◆ INFORMATION SUPPLIED ◆
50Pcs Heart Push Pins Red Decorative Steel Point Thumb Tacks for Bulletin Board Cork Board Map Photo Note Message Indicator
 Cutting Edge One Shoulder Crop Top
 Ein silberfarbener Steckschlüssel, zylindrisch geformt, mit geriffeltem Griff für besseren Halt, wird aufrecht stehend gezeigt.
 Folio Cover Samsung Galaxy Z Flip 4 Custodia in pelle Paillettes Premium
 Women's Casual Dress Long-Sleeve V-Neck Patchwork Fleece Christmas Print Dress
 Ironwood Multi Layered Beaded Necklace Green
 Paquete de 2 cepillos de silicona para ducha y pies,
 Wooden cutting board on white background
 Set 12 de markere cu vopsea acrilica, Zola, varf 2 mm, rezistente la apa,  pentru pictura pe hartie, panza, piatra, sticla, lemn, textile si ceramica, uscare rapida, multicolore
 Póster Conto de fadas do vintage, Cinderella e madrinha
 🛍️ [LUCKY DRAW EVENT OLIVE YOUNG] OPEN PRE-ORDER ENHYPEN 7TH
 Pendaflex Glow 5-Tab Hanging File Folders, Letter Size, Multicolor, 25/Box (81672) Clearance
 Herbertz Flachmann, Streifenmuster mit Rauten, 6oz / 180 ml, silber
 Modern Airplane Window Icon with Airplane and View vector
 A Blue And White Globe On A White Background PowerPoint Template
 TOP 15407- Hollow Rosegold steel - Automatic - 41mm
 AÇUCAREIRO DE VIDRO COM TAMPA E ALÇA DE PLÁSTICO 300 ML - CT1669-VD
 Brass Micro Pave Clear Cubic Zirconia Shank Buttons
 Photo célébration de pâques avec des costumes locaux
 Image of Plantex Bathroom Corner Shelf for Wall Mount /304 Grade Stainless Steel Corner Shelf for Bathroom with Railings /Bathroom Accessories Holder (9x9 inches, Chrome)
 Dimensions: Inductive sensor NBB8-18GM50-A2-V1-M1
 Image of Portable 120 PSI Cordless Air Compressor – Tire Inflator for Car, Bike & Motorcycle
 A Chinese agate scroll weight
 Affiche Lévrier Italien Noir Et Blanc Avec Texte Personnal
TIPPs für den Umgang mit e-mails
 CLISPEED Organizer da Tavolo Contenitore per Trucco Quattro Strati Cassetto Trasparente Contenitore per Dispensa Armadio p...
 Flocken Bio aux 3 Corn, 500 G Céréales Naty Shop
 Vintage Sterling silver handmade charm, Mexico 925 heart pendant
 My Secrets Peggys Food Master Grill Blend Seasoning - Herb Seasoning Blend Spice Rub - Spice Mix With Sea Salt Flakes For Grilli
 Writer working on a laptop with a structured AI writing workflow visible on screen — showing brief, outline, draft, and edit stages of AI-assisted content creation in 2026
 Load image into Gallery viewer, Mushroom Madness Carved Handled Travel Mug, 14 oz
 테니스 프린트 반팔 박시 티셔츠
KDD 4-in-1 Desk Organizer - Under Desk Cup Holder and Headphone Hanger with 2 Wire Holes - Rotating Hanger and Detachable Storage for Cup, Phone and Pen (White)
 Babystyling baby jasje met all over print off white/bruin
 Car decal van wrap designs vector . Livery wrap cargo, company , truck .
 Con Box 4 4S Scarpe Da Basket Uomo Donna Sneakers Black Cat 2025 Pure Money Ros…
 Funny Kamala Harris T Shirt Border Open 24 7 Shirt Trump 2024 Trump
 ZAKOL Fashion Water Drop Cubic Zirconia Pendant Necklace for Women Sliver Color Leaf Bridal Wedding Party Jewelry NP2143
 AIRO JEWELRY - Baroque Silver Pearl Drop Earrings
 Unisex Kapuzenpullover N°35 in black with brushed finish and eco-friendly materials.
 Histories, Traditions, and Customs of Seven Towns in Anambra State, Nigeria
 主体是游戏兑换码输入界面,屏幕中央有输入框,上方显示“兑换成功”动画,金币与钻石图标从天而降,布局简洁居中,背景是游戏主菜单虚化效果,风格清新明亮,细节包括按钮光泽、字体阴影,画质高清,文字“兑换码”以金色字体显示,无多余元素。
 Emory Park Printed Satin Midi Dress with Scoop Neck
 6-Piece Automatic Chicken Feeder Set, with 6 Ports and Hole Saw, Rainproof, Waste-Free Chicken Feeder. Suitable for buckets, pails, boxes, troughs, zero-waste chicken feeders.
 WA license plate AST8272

◆ WHAT IS REQUIRED ◆
Start at the first line of the entries above. Set down each line exactly through the one with "Wooden cutting board on white background", and stop there.

◆ EXERCISE ANSWER ◆
50Pcs Heart Push Pins Red Decorative Steel Point Thumb Tacks for Bulletin Board Cork Board Map Photo Note Message Indicator
 Cutting Edge One Shoulder Crop Top
 Ein silberfarbener Steckschlüssel, zylindrisch geformt, mit geriffeltem Griff für besseren Halt, wird aufrecht stehend gezeigt.
 Folio Cover Samsung Galaxy Z Flip 4 Custodia in pelle Paillettes Premium
 Women's Casual Dress Long-Sleeve V-Neck Patchwork Fleece Christmas Print Dress
 Ironwood Multi Layered Beaded Necklace Green
 Paquete de 2 cepillos de silicona para ducha y pies,
 Wooden cutting board on white background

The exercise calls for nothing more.